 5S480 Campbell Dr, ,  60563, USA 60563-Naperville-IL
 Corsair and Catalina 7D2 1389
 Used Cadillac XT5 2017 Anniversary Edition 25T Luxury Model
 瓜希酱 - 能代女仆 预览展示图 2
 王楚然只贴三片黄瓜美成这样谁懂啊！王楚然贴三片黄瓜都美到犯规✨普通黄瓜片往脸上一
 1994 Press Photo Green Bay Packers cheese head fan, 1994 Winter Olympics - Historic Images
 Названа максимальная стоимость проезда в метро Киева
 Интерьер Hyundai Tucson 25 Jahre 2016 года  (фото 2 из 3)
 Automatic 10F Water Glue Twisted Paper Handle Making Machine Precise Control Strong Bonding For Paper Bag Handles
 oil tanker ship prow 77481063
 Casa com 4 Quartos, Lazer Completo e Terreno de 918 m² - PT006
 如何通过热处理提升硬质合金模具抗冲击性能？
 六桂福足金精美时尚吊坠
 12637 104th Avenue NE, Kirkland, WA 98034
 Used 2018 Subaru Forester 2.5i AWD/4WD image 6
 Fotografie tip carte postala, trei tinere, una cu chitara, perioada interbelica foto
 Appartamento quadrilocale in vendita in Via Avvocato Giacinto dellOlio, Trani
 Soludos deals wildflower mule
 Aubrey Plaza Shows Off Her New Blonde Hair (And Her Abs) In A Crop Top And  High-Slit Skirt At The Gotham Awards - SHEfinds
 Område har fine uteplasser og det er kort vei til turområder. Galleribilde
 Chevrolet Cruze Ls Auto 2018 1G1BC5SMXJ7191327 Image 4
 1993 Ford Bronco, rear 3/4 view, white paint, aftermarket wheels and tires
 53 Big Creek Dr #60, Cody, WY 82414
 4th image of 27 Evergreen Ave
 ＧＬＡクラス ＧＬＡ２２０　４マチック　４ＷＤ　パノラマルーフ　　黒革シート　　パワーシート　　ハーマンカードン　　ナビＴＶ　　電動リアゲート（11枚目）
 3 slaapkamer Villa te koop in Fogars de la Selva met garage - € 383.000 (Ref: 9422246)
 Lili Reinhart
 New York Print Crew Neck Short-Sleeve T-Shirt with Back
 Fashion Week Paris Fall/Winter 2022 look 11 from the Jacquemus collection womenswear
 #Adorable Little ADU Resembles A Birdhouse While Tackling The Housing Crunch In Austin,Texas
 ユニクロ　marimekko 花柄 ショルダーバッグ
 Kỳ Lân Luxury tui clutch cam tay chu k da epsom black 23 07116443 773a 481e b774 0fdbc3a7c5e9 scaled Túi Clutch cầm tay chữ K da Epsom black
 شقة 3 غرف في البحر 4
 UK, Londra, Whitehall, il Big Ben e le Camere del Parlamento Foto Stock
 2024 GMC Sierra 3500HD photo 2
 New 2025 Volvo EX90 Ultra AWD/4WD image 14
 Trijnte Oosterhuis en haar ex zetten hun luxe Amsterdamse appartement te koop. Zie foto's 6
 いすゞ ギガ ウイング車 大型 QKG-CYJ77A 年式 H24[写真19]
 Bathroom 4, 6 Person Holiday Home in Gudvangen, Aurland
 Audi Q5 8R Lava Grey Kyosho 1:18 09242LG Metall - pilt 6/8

****

[Problem to work on]
Print out every record, character for character.

[Result for this exercise]
 5S480 Campbell Dr, ,  60563, USA 60563-Naperville-IL
 Corsair and Catalina 7D2 1389
 Used Cadillac XT5 2017 Anniversary Edition 25T Luxury Model
 瓜希酱 - 能代女仆 预览展示图 2
 王楚然只贴三片黄瓜美成这样谁懂啊！王楚然贴三片黄瓜都美到犯规✨普通黄瓜片往脸上一
 1994 Press Photo Green Bay Packers cheese head fan, 1994 Winter Olympics - Historic Images
 Названа максимальная стоимость проезда в метро Киева
 Интерьер Hyundai Tucson 25 Jahre 2016 года  (фото 2 из 3)
 Automatic 10F Water Glue Twisted Paper Handle Making Machine Precise Control Strong Bonding For Paper Bag Handles
 oil tanker ship prow 77481063
 Casa com 4 Quartos, Lazer Completo e Terreno de 918 m² - PT006
 如何通过热处理提升硬质合金模具抗冲击性能？
 六桂福足金精美时尚吊坠
 12637 104th Avenue NE, Kirkland, WA 98034
 Used 2018 Subaru Forester 2.5i AWD/4WD image 6
 Fotografie tip carte postala, trei tinere, una cu chitara, perioada interbelica foto
 Appartamento quadrilocale in vendita in Via Avvocato Giacinto dellOlio, Trani
 Soludos deals wildflower mule
 Aubrey Plaza Shows Off Her New Blonde Hair (And Her Abs) In A Crop Top And  High-Slit Skirt At The Gotham Awards - SHEfinds
 Område har fine uteplasser og det er kort vei til turområder. Galleribilde
 Chevrolet Cruze Ls Auto 2018 1G1BC5SMXJ7191327 Image 4
 1993 Ford Bronco, rear 3/4 view, white paint, aftermarket wheels and tires
 53 Big Creek Dr #60, Cody, WY 82414
 4th image of 27 Evergreen Ave
 ＧＬＡクラス ＧＬＡ２２０　４マチック　４ＷＤ　パノラマルーフ　　黒革シート　　パワーシート　　ハーマンカードン　　ナビＴＶ　　電動リアゲート（11枚目）
 3 slaapkamer Villa te koop in Fogars de la Selva met garage - € 383.000 (Ref: 9422246)
 Lili Reinhart
 New York Print Crew Neck Short-Sleeve T-Shirt with Back
 Fashion Week Paris Fall/Winter 2022 look 11 from the Jacquemus collection womenswear
 #Adorable Little ADU Resembles A Birdhouse While Tackling The Housing Crunch In Austin,Texas
 ユニクロ　marimekko 花柄 ショルダーバッグ
 Kỳ Lân Luxury tui clutch cam tay chu k da epsom black 23 07116443 773a 481e b774 0fdbc3a7c5e9 scaled Túi Clutch cầm tay chữ K da Epsom black
 شقة 3 غرف في البحر 4
 UK, Londra, Whitehall, il Big Ben e le Camere del Parlamento Foto Stock
 2024 GMC Sierra 3500HD photo 2
 New 2025 Volvo EX90 Ultra AWD/4WD image 14
 Trijnte Oosterhuis en haar ex zetten hun luxe Amsterdamse appartement te koop. Zie foto's 6
 いすゞ ギガ ウイング車 大型 QKG-CYJ77A 年式 H24[写真19]
 Bathroom 4, 6 Person Holiday Home in Gudvangen, Aurland
 Audi Q5 8R Lava Grey Kyosho 1:18 09242LG Metall - pilt 6/8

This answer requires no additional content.